We are gearing up to start kidding!!! Yah - I am so excited :leap: :leap: :leap: This is the year of my "new herd" and first babies of the year. We have the kidding stalls built, IPcam is up (should be live for me today) and then the girls are due next week.

Aurora Farms Pudding - (April Rain JaMocha x Little Critters Farm Heather) - 2nd Freshner - Bred to J-Nels Donnie (Rosasharn SS Sequoia *S x Ceasar's Villa STS Darcie)

I am thinking only a single on her - picture taken 5 March - Due 16 March



















Next up - and I am soooo stoked -

Dragonfly RY Wicked - Second Freshning (Caesar's Villa BB Rebel Yell *S x Flat Rocks Something Wild) - Second Freshner - Bred to J-Nels Donnie (Rosasharn SS Sequoia *S x Ceasar's Villa STS Darcie)

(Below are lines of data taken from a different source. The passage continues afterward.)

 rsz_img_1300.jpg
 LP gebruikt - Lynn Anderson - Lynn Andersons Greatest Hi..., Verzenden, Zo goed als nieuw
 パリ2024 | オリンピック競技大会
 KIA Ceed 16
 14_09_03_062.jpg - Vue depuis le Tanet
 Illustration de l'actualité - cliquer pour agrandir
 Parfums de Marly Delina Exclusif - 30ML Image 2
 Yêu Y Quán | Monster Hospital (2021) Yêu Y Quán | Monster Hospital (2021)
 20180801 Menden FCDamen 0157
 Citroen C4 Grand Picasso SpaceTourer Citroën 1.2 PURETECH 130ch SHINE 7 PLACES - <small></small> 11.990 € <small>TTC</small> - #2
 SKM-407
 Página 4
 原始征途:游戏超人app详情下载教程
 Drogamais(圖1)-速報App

I am really hoping for a twin/buck combo out of her - but I will take anything I can get  She is due 18 March (pics taken 5 March)


----------



## Froggy (Feb 27, 2011)

*Re: Sunset Lake Ranch - North Idaho - March Kiddings*

How exciting! :leap: 
My 4 does are due not long after yours, so I'm really excited too! Your second doe is Really wide--maybe she's carrying triplets!! 
Good luck!!


----------



## WalnutGroveFarm (Sep 27, 2008)

*Re: Sunset Lake Ranch - North Idaho - March Kiddings*

Good luck hope you have what you want. Your second doe does look pretty wide, maybe triplets.


----------



## kelebek (Oct 5, 2007)

*Re: Sunset Lake Ranch - North Idaho - March Kiddings*

Thank you both ... triplets would be even better ;-)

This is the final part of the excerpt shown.